▶ _Task instructions_
All pictures are to be omitted while the lines starting at the line with "Mercedes-Benz GLA250 Engine" and ending at the line with "jamcadconsulting.com" in the material below are retyped exactly, both ends included.
--- Dataset excerpts Enclosed Below ---
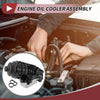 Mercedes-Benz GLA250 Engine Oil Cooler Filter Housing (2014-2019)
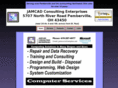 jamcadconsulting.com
--- End of Enclosed Dataset excerpts ---
--- Dataset excerpts Enclosed Below ---
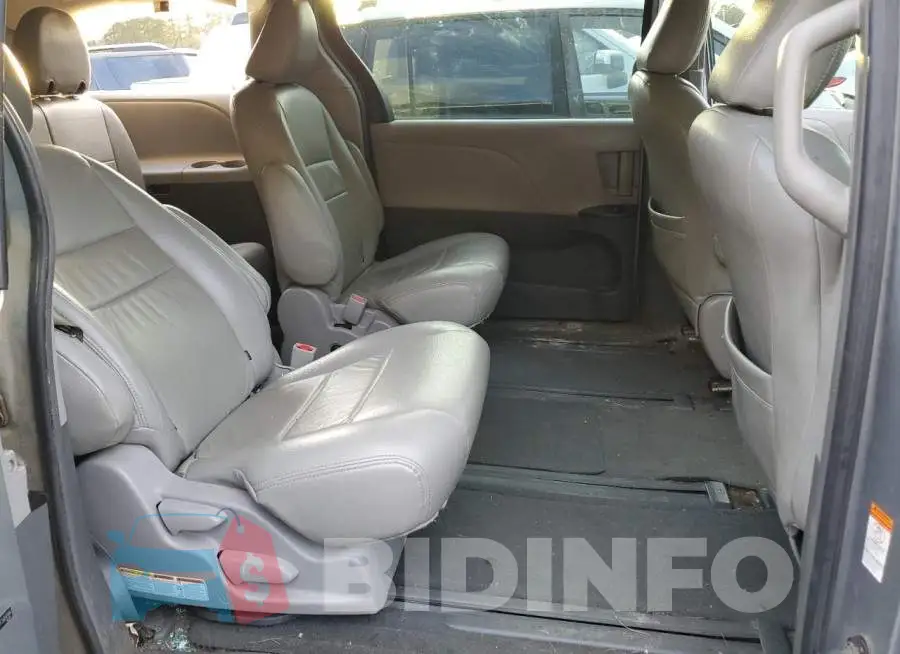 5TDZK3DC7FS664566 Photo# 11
--- End of Enclosed Dataset excerpts ---
▶ _Solution below_
 Mercedes-Benz GLA250 Engine Oil Cooler Filter Housing (2014-2019)
 jamcadconsulting.com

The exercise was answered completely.